The Berlin newspaper Die Tageszeitung also released a Friday-preview piece yesterday (End-Time scenarios in Iran), which generally agrees with Klein’s evaluation, going on to provide additional supporting details. For one thing, Rafsanjani’s speech is to be televised on Iranian State Television; for another, both the main putative loser of that June 12 election, Mir-Hossein Moussavi, and another high-placed ayatollah who has been supportive of him (as well as formerly serving Iran’s president himself), Mohammad Khatami, will be sitting there in the first row, as we learn from Moussavi’s Facebook page.
Klein indulges in a bit of speculation about what Rafsanjani might say; the Tagesspiegel writer(s) (no by-line; we’ll just use “she”) rather speculates on how this rather astonishing occasion has come to be allowed in the first place. She offers two possibilities: Maybe it’s the result of a behind-the-scenes compromise whereby concessions have been made and assurances put forward so that Rafsanjani intends to make use of it, in effect, to back down and lower the heat now focused on the official government, to “save the Republic.” Or maybe, instead, Rafsanjani has used his still-considerable influence to power his way into the speaking engagement, which the reformers intend to use as an occasion to bring out into the open the very real rifts that have opened up within that official government.

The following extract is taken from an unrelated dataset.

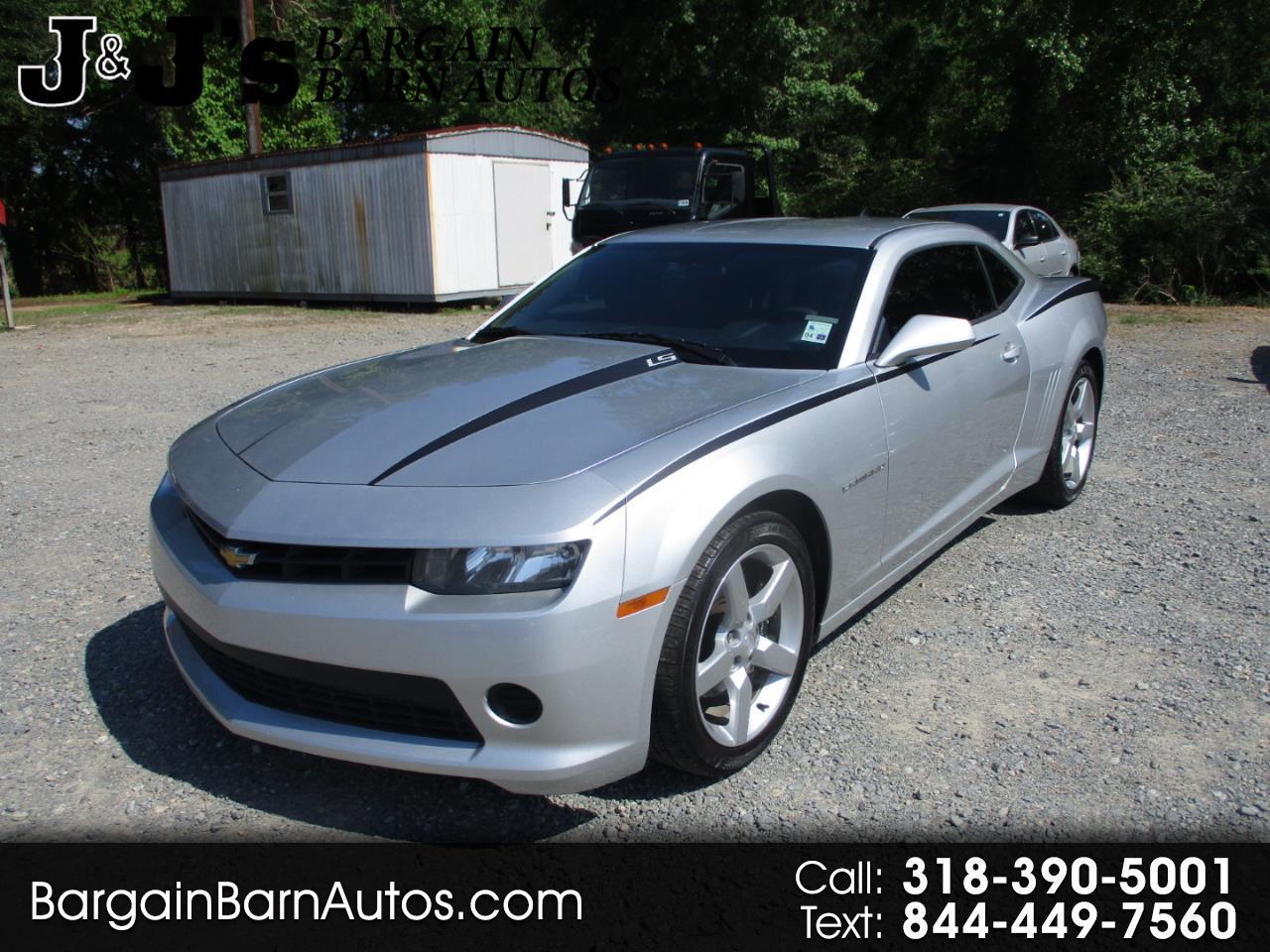 2014 Chevrolet Camaro 1LS Coupe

Surrender or else going on the attack, then. Either way, tomorrow figures to be an important milestone of some kind. And the list of quotations which this article’s author goes on to use to round it out strongly imply that the evidence points to the latter, attacking interpretation. There are the recent comments of Ayatollah Hosein-Ali Montazeri, still influential but with no official position, who is quoted here at length, declaring among other things that “The Country belongs to the people, and not to anyone else” and comparing the behavior of the present regime to that of the Shah in 1979, earnestly hoping that they won’t imitate him in recognizing “the call to Revolution of the people” too late. Shirin Ebadi, the (female) lawyer and winner of the 2003 Nobel Peace Prize is also quoted here, declaring that the present government has effectively lost its legitimacy through the unacceptable violence it used in suppressing the protests. Possibly most ominously, though, are the comments reproduced here from the website of one Mohsen Rezai, long-time Chief of the Revolutionary Guards, who warns that the whole System is on the brink of an “inner collapse” unless the government and opposition sides can get together to fashion some sort of compromise.